On August 11, 2015,  the People’s Bank of China devalued the yuan 2% against the US dollar.  Over the next two days China again weakened the yuan, bringing the total devaluation to about 3.5%.    It was the largest depreciation in the last 20 years.  It came as a shock to many, as the China yuan has appreciated nearly 33% in the past 10 years.  The devaluation caused the US stock market, and many European and Latin American markets to also decrease in value.  Many wonder if the Chinese market has been performing worse than the government has been projecting, and the devaluation is an attempt to make Chinese exports look more attractive.

Many US politicians have claimed that China has been artificially keeping its currency low over the past few years at the expense of US exporters.  The recent devaluation of the yuan has exasperated that belief, and many believe that China has begun a currency war against the United States by their recent move.  A few days prior, China had experienced a fall in exports, and a common belief is that China wanted to boost their exports, so they devalued their currency.  However, China claims that the competitive advantage the lower value of the yuan gives exporters was not the reason for their devaluation.  Also, experts argue that a 3% devaluation does not give China much of a competitive advantage for exports, it would have to devalue 20-40% to do that.

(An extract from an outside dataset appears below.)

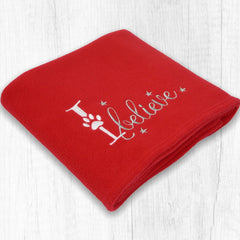 I Believe Red Fleece Christmas Pet Blanket | Christmas Gifts For Dogs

At a closer examination, the devaluation of the yuan actually did what critics have been calling for in the past few years: allowing the markets to play a bigger role in the currency’s value.  The currency is now set based on the US dollar’s closing price the day before.  Previous to the change, the bank set the value of the yuan regardless of the closing price the day before, sometimes setting it higher than it should have been.  Setting the yuan to reflect the market value helps it establish a stronger currency.

The Chinese yuan is also called the kuai, redback, renminbi or People’s Currency.The all time high for the Chinese Yuan against the US dollar was 8.73 to 1 in 1994, and the low was 1.51 to 1 in 1981. Before the devaluation, it was valued at 6.209 per USD, the fall took it to 6.43, a 4 year low.  Currently, the Chinese yuan trades at about 6.37 to 1 USD.